[Opening RECORD EXTRACTS section]
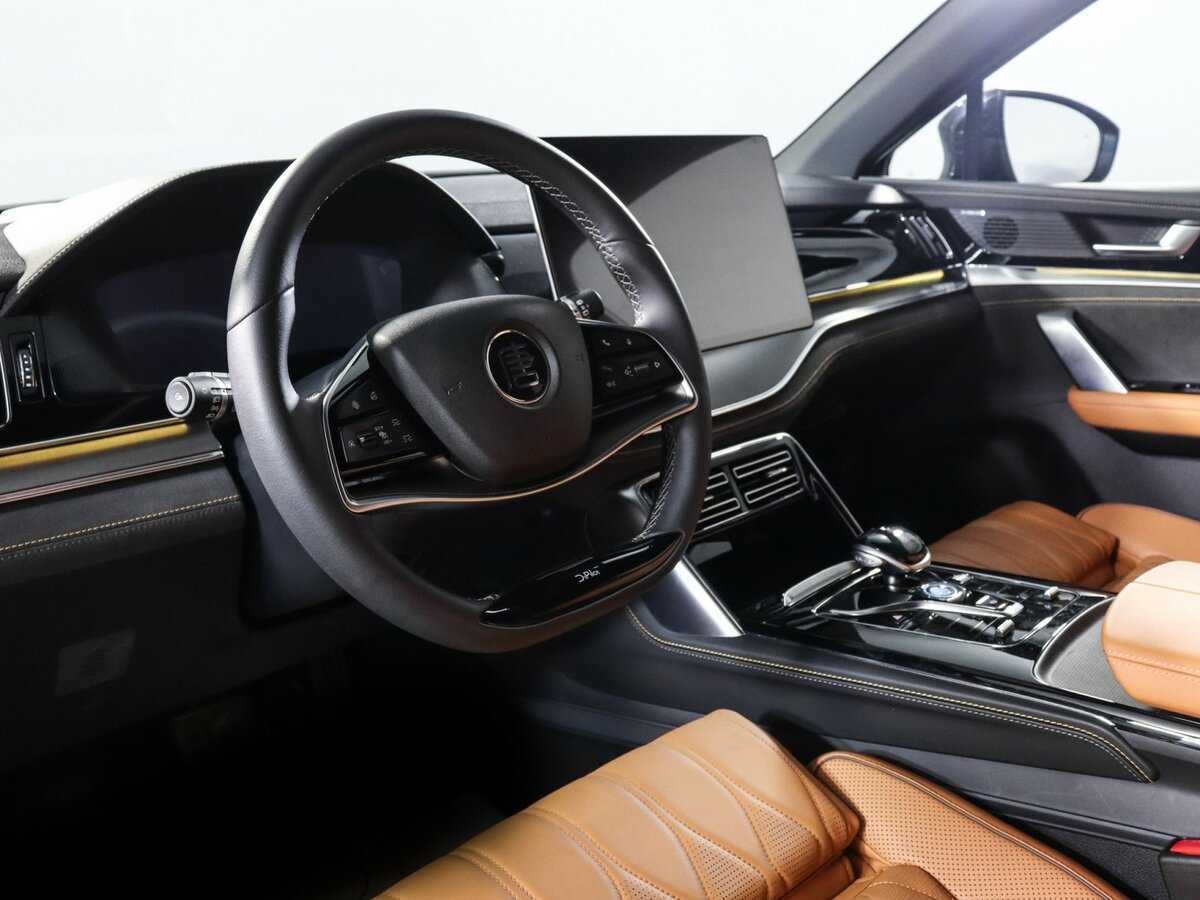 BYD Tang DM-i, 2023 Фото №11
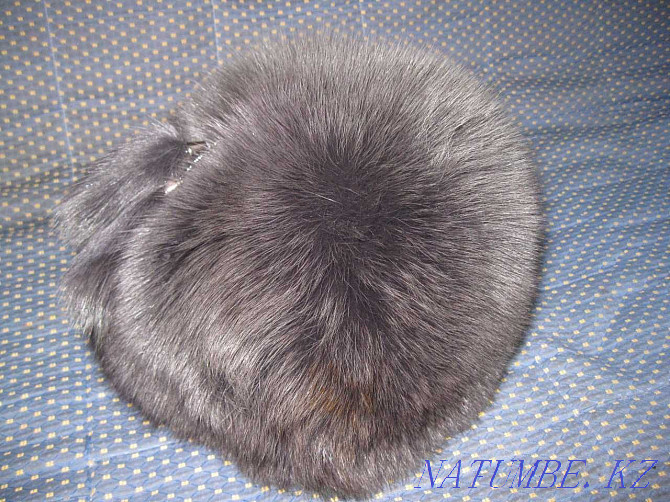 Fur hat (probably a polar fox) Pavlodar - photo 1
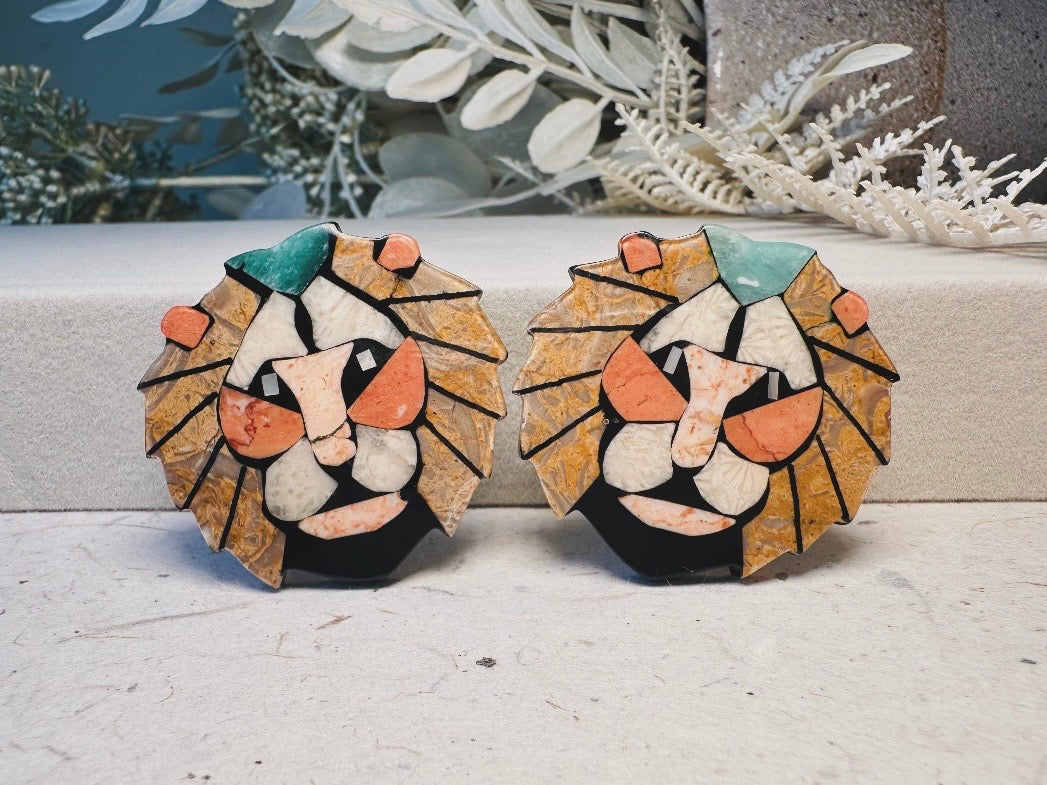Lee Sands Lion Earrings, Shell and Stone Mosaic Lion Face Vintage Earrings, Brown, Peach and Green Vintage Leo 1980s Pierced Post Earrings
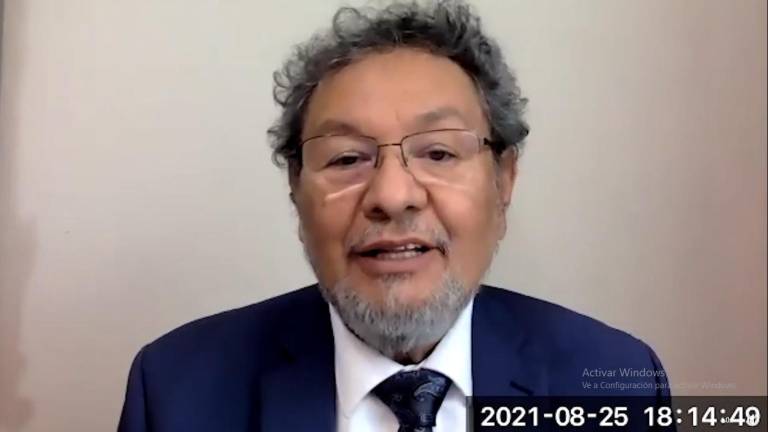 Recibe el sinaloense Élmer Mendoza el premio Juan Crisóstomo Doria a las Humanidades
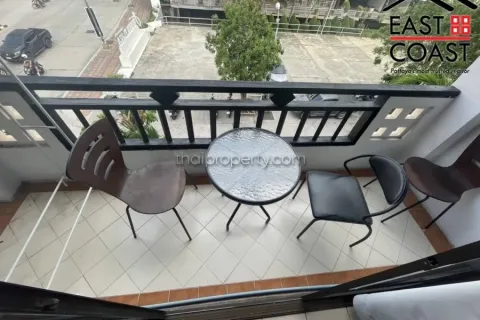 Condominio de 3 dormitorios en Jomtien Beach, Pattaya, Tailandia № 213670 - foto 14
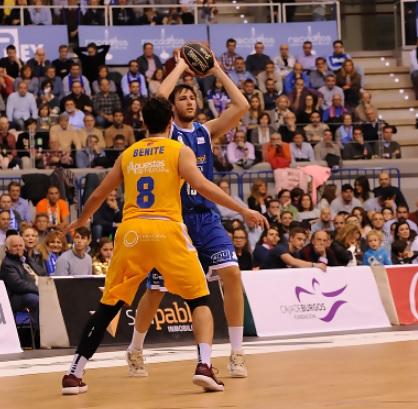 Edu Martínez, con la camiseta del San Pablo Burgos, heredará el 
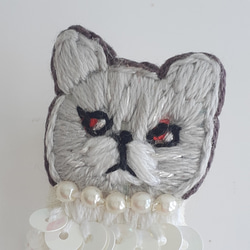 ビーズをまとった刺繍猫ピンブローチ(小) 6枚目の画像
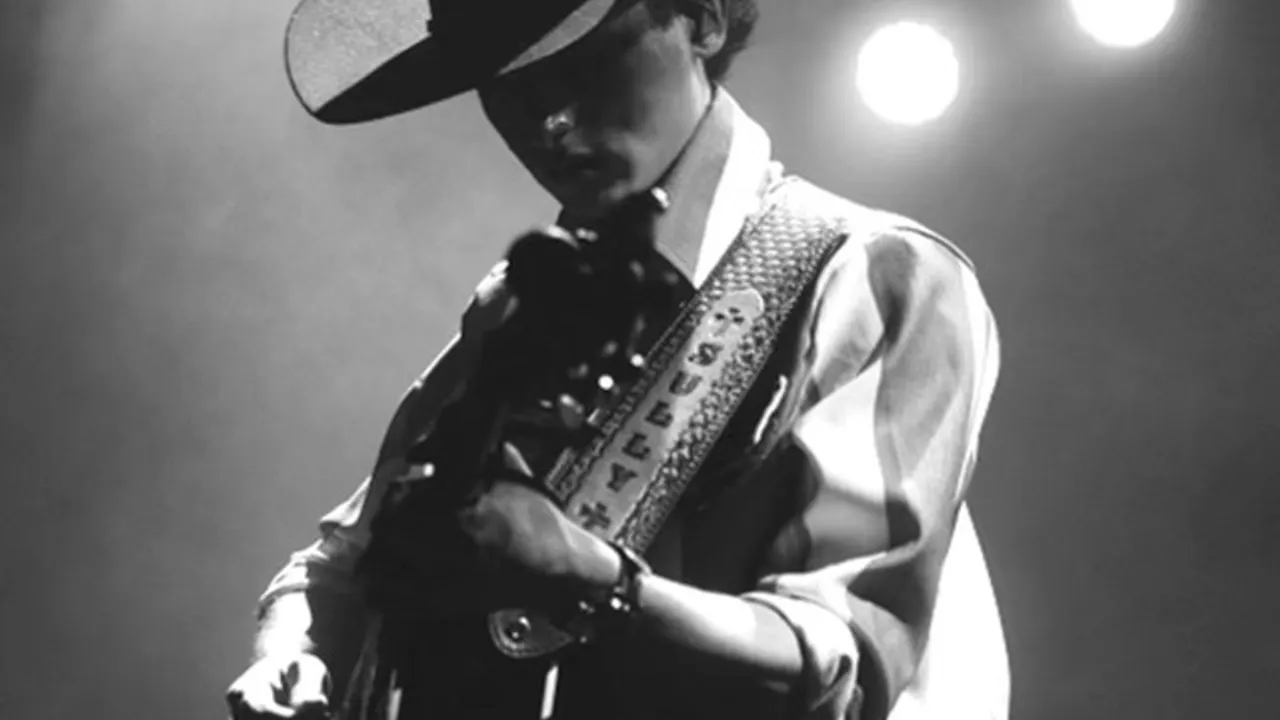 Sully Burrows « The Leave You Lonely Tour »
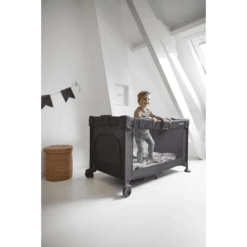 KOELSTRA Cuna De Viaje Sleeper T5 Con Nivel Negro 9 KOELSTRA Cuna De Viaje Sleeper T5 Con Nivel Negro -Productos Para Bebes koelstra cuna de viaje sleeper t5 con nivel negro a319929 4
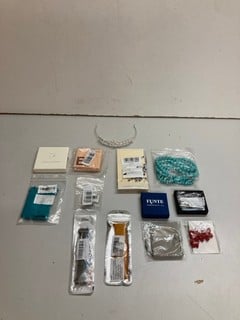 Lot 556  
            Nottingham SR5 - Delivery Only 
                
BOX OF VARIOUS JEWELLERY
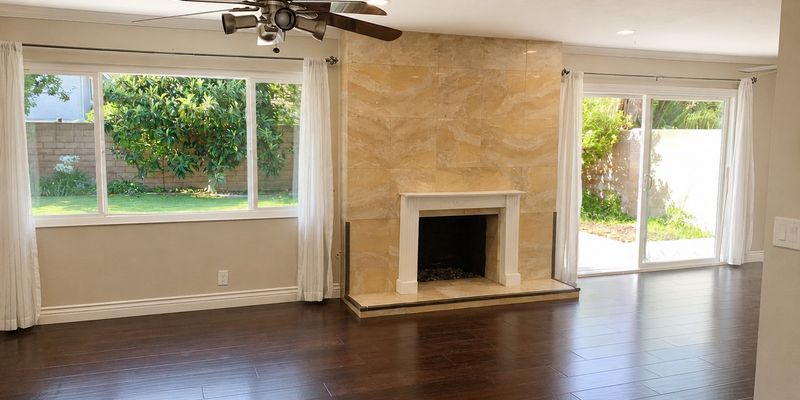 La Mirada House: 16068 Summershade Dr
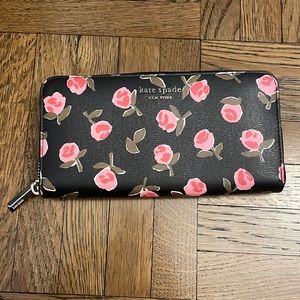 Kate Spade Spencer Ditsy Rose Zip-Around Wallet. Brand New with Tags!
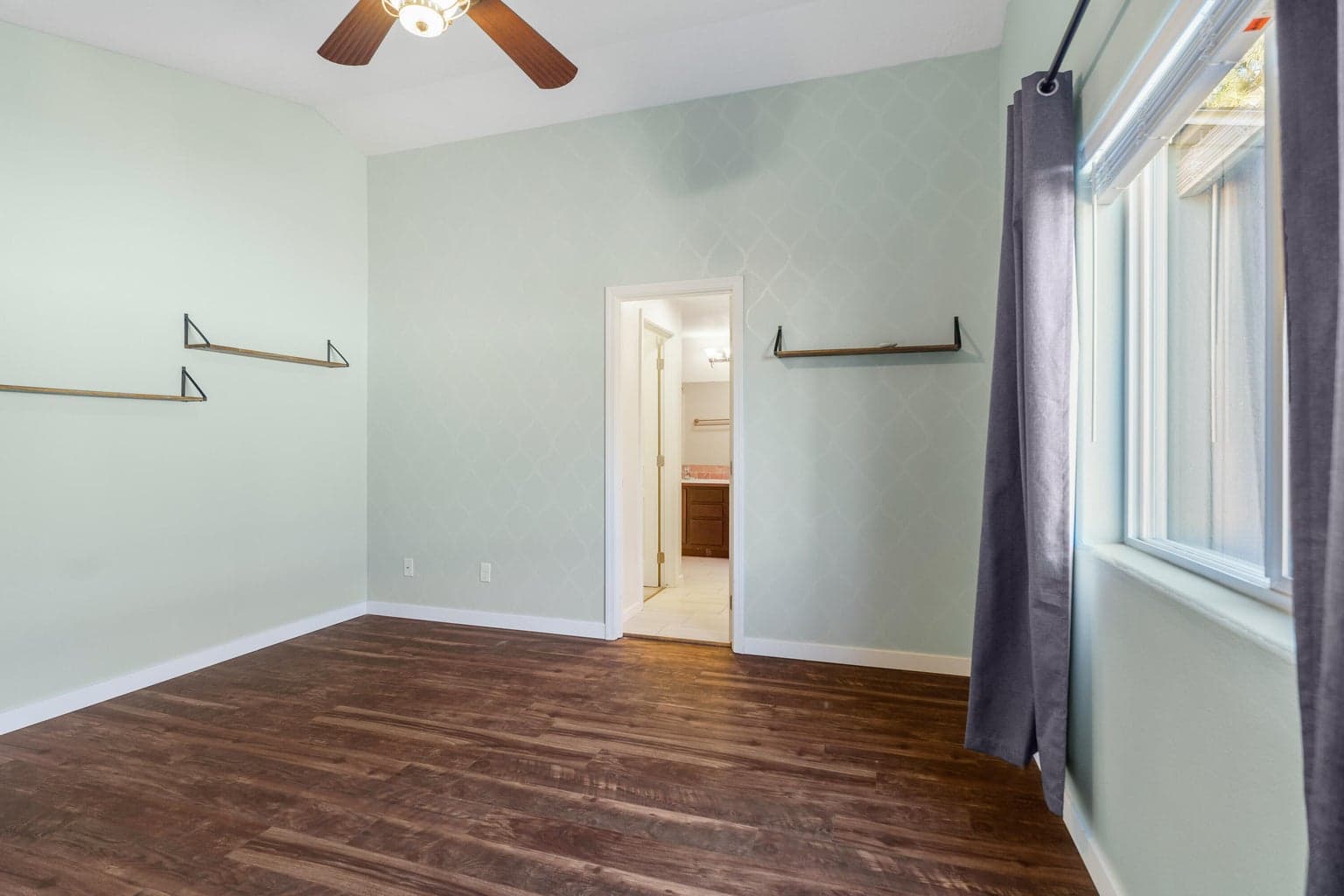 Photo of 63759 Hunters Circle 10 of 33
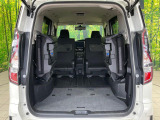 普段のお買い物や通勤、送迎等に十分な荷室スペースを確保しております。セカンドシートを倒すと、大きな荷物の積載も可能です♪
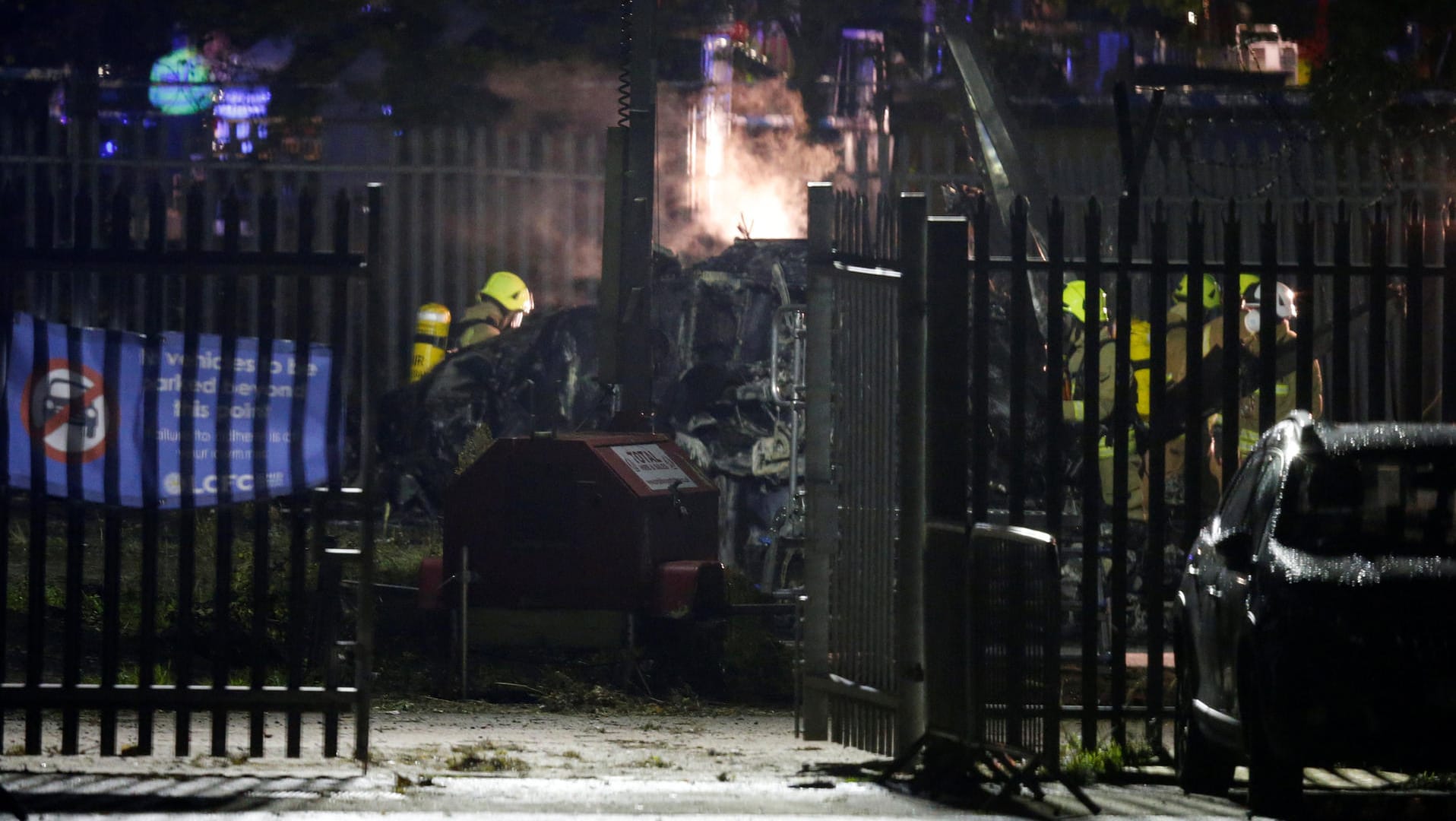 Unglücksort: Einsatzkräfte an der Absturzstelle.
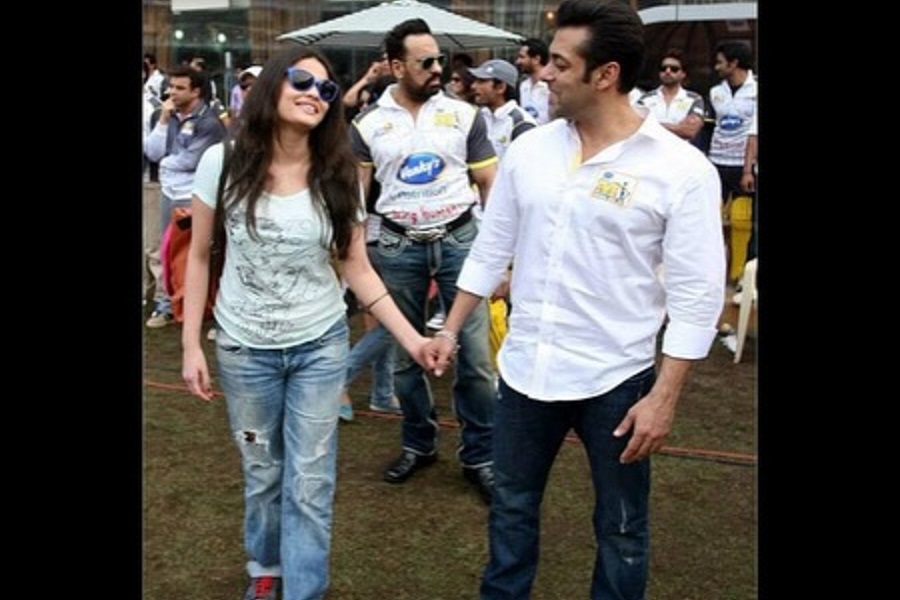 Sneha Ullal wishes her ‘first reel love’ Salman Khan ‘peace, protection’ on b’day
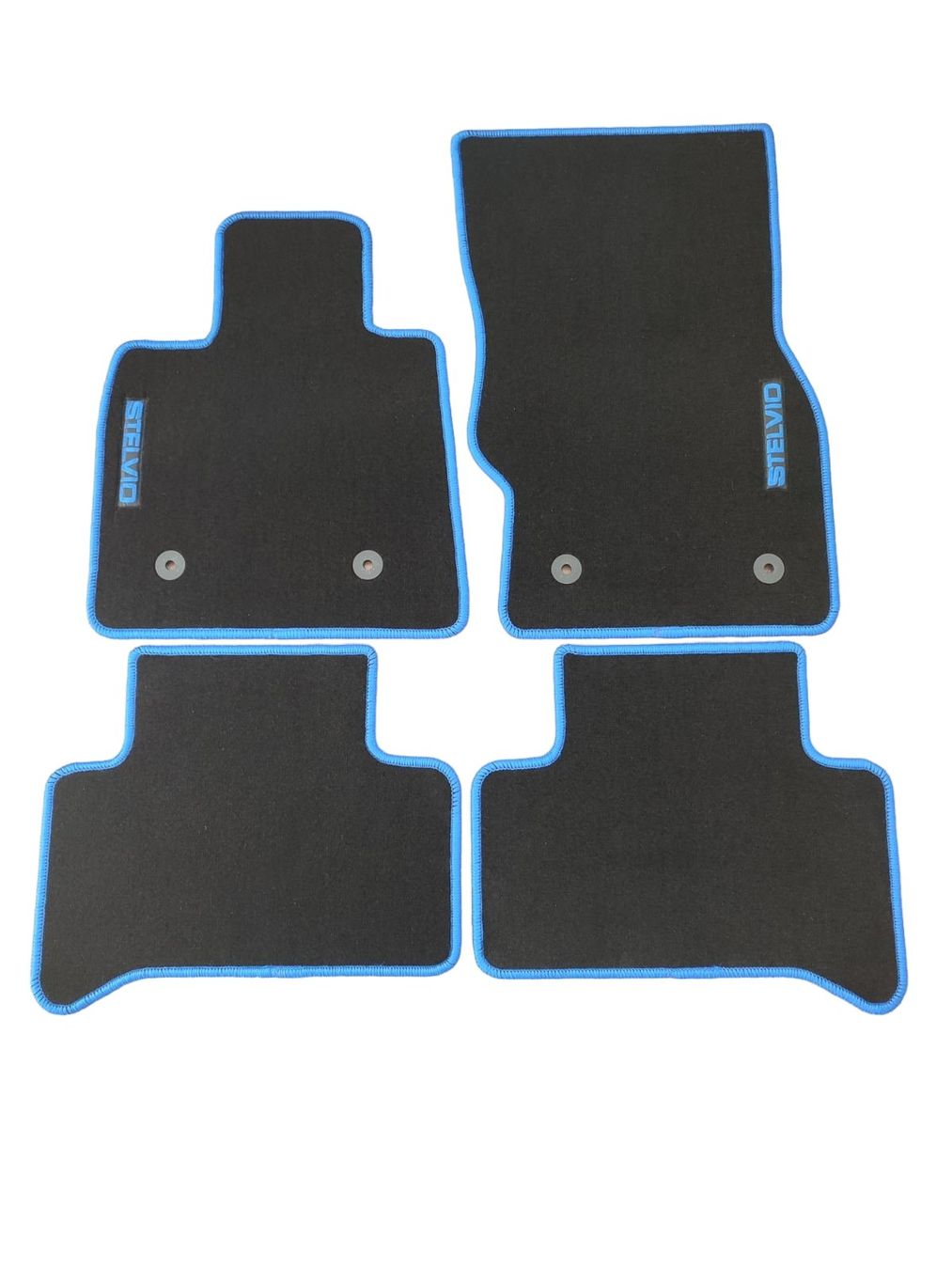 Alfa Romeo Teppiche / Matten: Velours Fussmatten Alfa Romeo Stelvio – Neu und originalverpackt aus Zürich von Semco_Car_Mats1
[Closing RECORD EXTRACTS section]
- **TASK DETAILS**
The listing above must be repeated exactly. Its pictures are not part of the copy.

- **SOLUTION TO THIS PROBLEM**
 BYD Tang DM-i, 2023 Фото №11
 Fur hat (probably a polar fox) Pavlodar - photo 1
Lee Sands Lion Earrings, Shell and Stone Mosaic Lion Face Vintage Earrings, Brown, Peach and Green Vintage Leo 1980s Pierced Post Earrings
 Recibe el sinaloense Élmer Mendoza el premio Juan Crisóstomo Doria a las Humanidades
 Condominio de 3 dormitorios en Jomtien Beach, Pattaya, Tailandia № 213670 - foto 14
 Edu Martínez, con la camiseta del San Pablo Burgos, heredará el 
 ビーズをまとった刺繍猫ピンブローチ(小) 6枚目の画像
 Sully Burrows « The Leave You Lonely Tour »
 KOELSTRA Cuna De Viaje Sleeper T5 Con Nivel Negro 9 KOELSTRA Cuna De Viaje Sleeper T5 Con Nivel Negro -Productos Para Bebes koelstra cuna de viaje sleeper t5 con nivel negro a319929 4
 Lot 556  
            Nottingham SR5 - Delivery Only 
                
BOX OF VARIOUS JEWELLERY
 La Mirada House: 16068 Summershade Dr
 Kate Spade Spencer Ditsy Rose Zip-Around Wallet. Brand New with Tags!
 Photo of 63759 Hunters Circle 10 of 33
 普段のお買い物や通勤、送迎等に十分な荷室スペースを確保しております。セカンドシートを倒すと、大きな荷物の積載も可能です♪
 Unglücksort: Einsatzkräfte an der Absturzstelle.
 Sneha Ullal wishes her ‘first reel love’ Salman Khan ‘peace, protection’ on b’day
 Alfa Romeo Teppiche / Matten: Velours Fussmatten Alfa Romeo Stelvio – Neu und originalverpackt aus Zürich von Semco_Car_Mats1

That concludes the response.